The rosé trend does not stop at Big Top. “Especially in the last year, we’ve been rocking and rolling in rosés,” Farrell says, “even in Minnesota when all the lakes are frozen. People are not afraid of pink anymore, especially if you put a heavy chill on it.”
Farrell says Haskell’s has always carried several rosés, “but you’re seeing everybody do it now, and they’re becoming less seasonal,” he adds. Further, consumers are migrating away from pinot grigios and going into New Zealand sauvignon blancs, he says.
“You have a consumer now willing to try new things and explore the worlds of wine,” Farrell says. “People are even trying Mateus again.” Mateus is a medium-sweet frizzante rosé originally produced in Portugal after WWII.
Kanski says his shop is having its ninth annual Rosé Tent Tasting in late May. “We have seen this explosion in rosé consumption over the last decade, and I believe it will only become stronger,” he says. At the peak of last year’s season, Solo Vino had more than 165 rosé selections and carries some year-round. Last month, he sold over 10 cases of rosé “at a time when most retailers have no rosé section at all,” he says. He also predicts an influx of wines from eastern Europe, including Slovenia, Georgia, Hungary and Romania.

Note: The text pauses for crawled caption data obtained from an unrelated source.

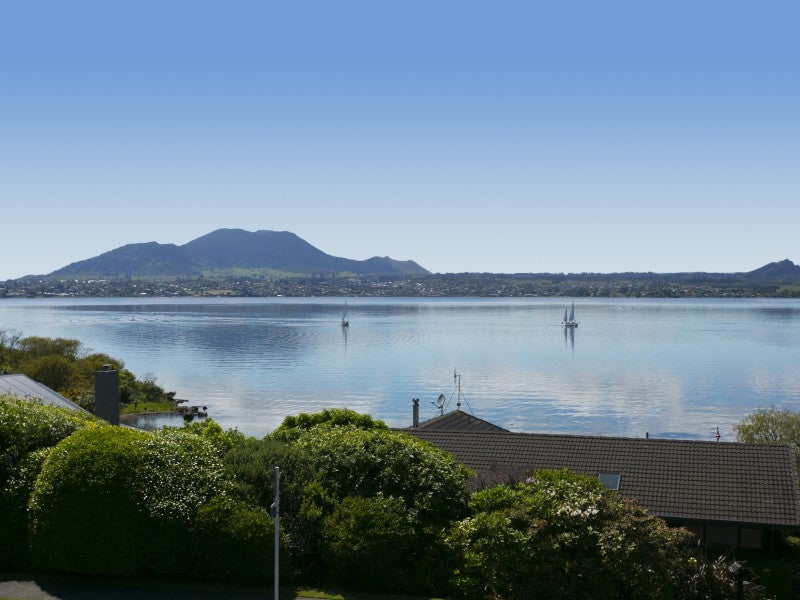 806 Acacia Bay Road, Acacia Bay, Taupo - Carousel 2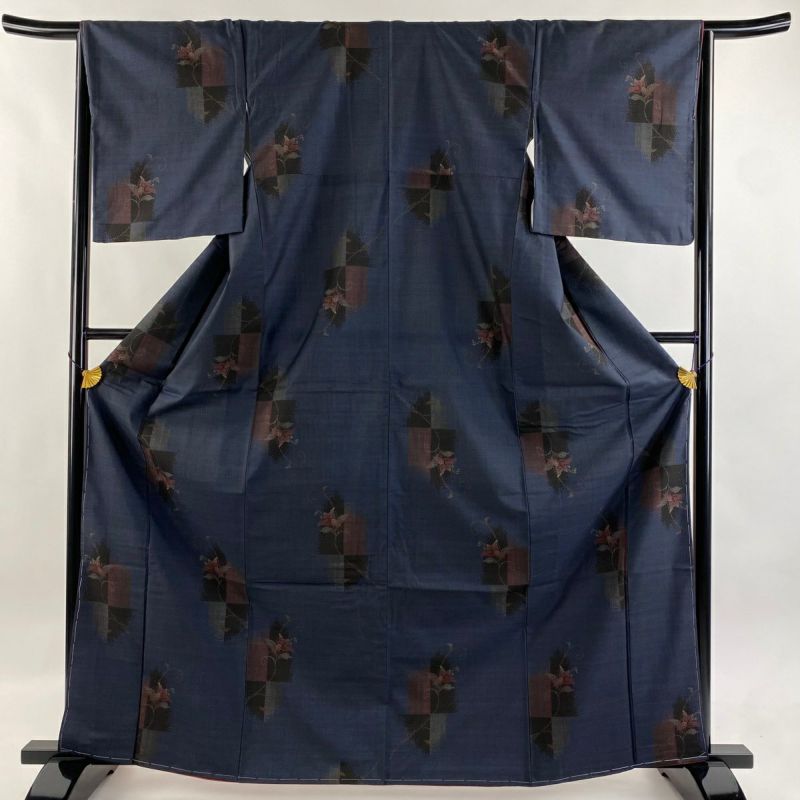 美品】 大島紬 身丈165.5cm 裄丈65.5cm M 袷 純泥染 証紙あり 花唐草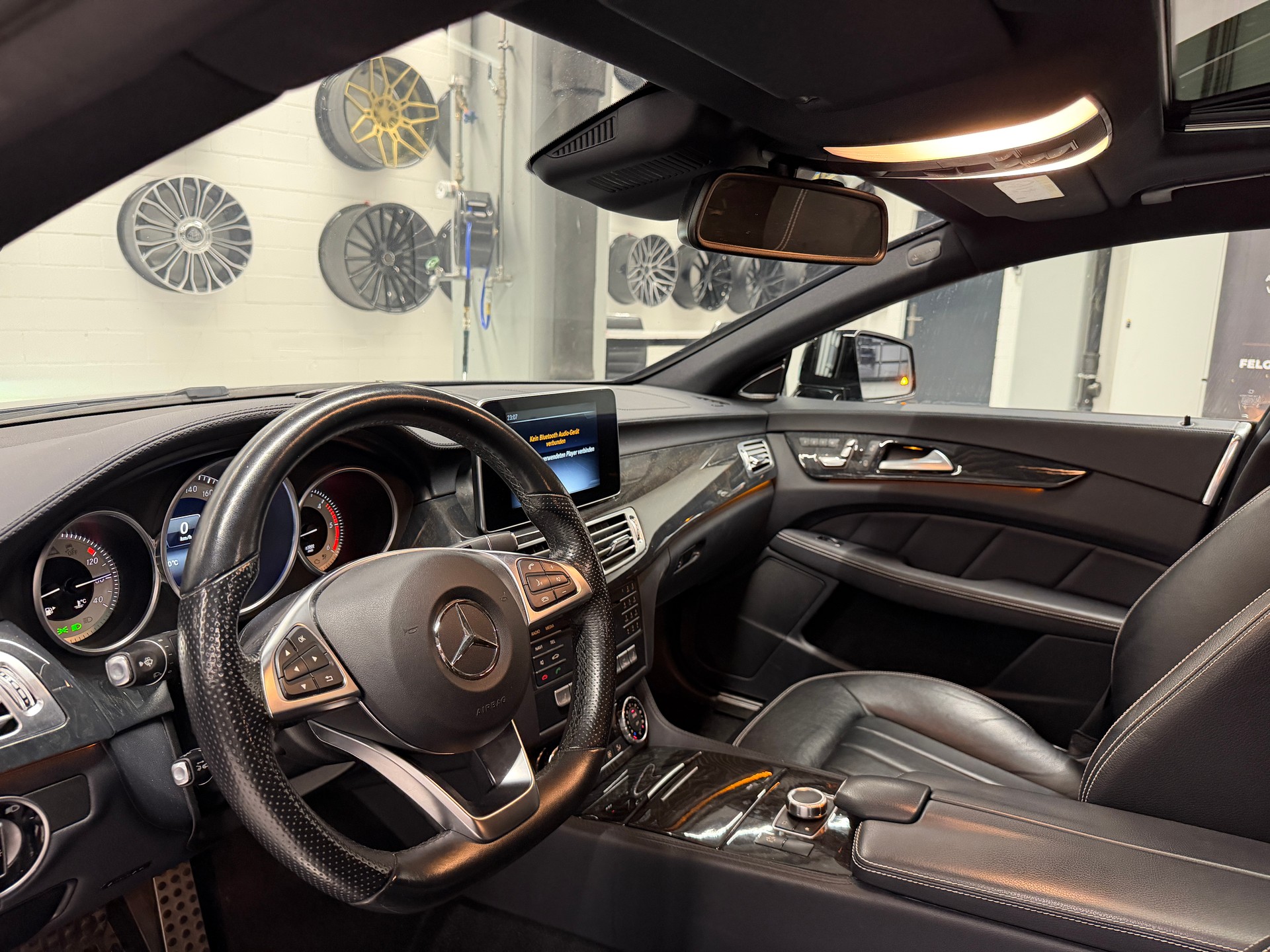 MERCEDES-BENZ CLS 250 d 4matic *CH-Auto*Sport AMG Pack*Lückenlose Servicehistorie bei Mercedes*Frisch ab Service*-image-15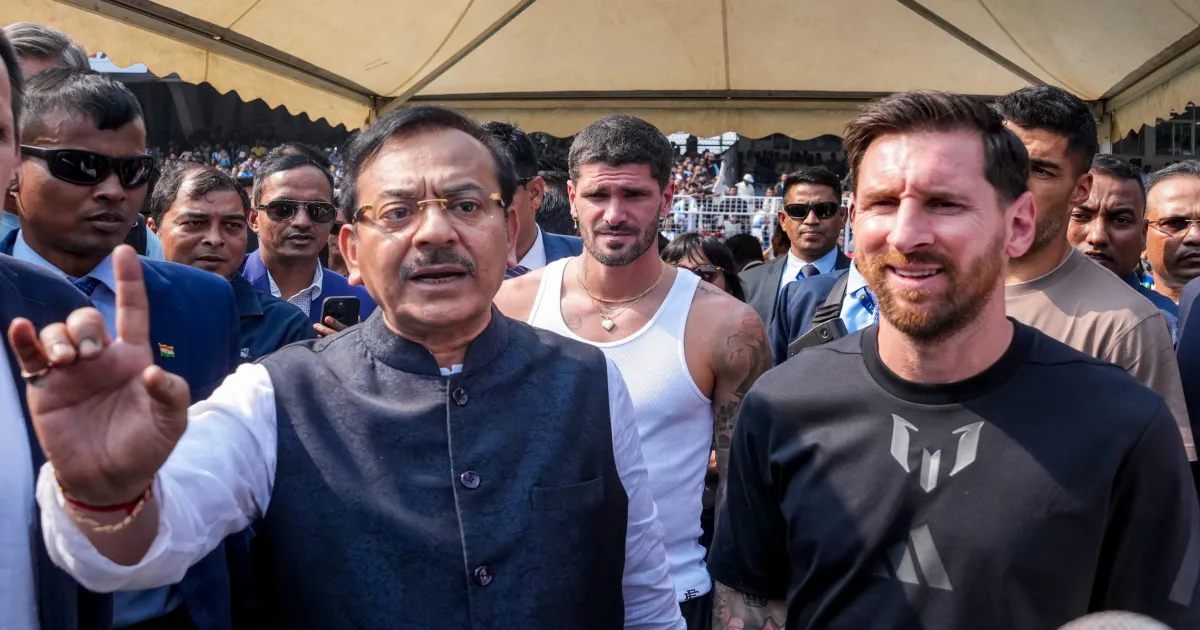 ममता बनर्जी ने मेसी विवाद में घिरे नेताओं को दिया टिकट, टीएमसी की सूची से बढ़ी सियासी चर्चा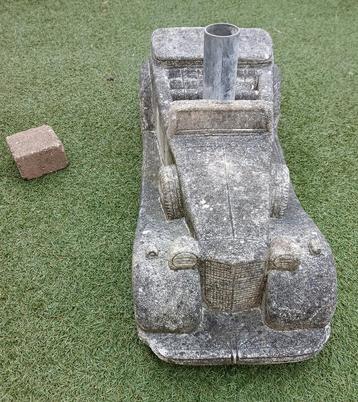 Betonnen parasolvoet en tuinbeeld van auto tegelijk beschikbaar voor biedingen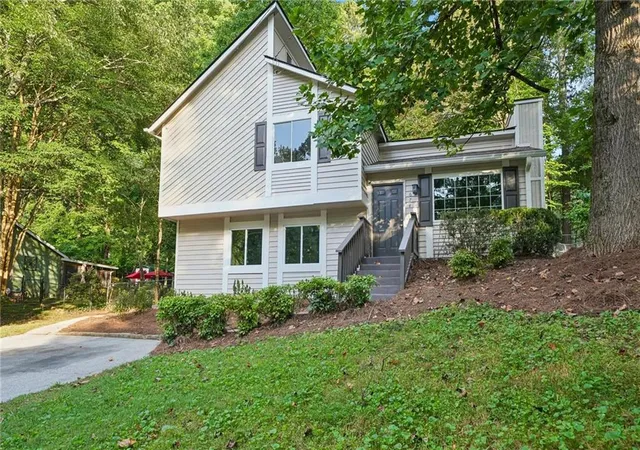2nd image of 674 Inland Wy Nw, Lilburn, GA 30047 | MLS# 7823643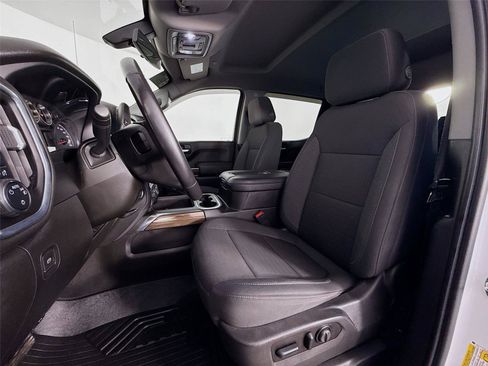 Used 2022 Chevrolet Silverado 1500 LT Trail Boss w/ Convenience Package II AWD/4WD image 22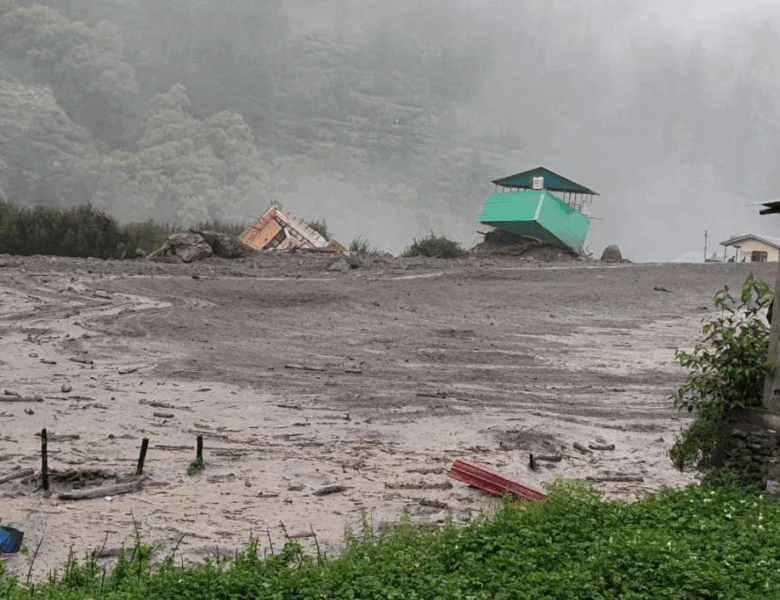 Потужна повінь змила село в Індії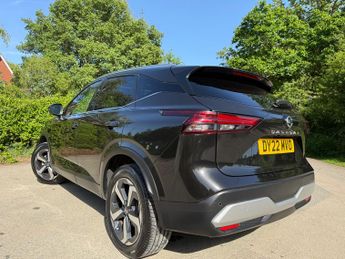 Nissan Qashqai 1.3 DIG-T MHEV N-Connecta SUV 5dr Petrol Hybrid Manual Euro 6 (s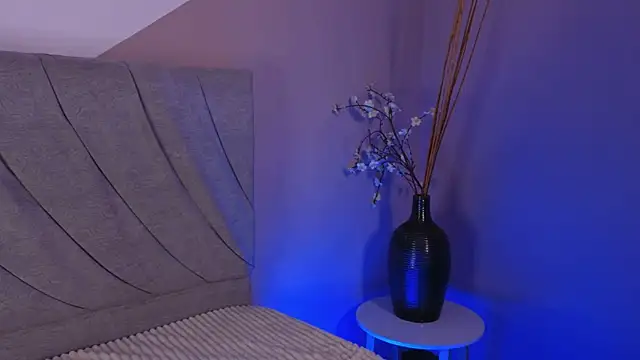 alaiaaddict online show from 31, 3, 2026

In Minneapolis/St. Paul, as in so many other cities, craft beer has also exploded over the past decade, with consumers’ tastes and interests keeping pace with the rapid increase in offerings. “I work mostly with the beer department, and in the past two years, not a week has gone by where we don’t have at least one new item,” Surdyk says.
She adds that new breweries and distilleries are always popping up—and making great products—in the Minneapolis area. “We connect with them frequently and grow together,” she says. “As a whole, the taproom scene is somewhat of an experience, then customers come here to buy beer to take home. Sure, someone could just go there to drink and then go home, but we really fit well together. There are certain releases that they’ll only have available here.”
Yes, taproom customers will sometimes “just take a growler home with them instead of coming here and buying a six pack—then maybe some wine, too. ” But Surdyk says her number-one calls are still about beer. “That’s definitely not how it used to be,” she says.
She believes craft-beer sales won’t be slowing down anytime soon. “I think there will be more and more breweries,” she says. “Everything with craft has been very successful. I predict more styles and selection. Now we just need more space so we can sell everything.”
Rosenberg says she is looking forward to the development of a soccer stadium in St. Paul that’s being built near Big Top’s Midway location. “There is huge development all over our city,” she says. “That we are able to be a part of it still is exciting and brings new opportunities.” bd
Sarah Protzman Howlett is a freelance writer and editor based in Boulder, Colo. A veteran of Condé Nast Publications in New York City, her work has appeared in O, The Oprah Magazine; Prevention; Denver’s 5280; and trade magazines across various industries.
Editor’s Note: In March, Jim Surdyk opened Surdyk’s on a Sunday for the first time, months before the state’s Sunday Sales law allowed. The store was fined $2,000 and its license was suspended for 30 days starting July 2, the day the new law officially takes effect. As of press time, Surdyk’s had not appealed the penalty, though it has the option to do so.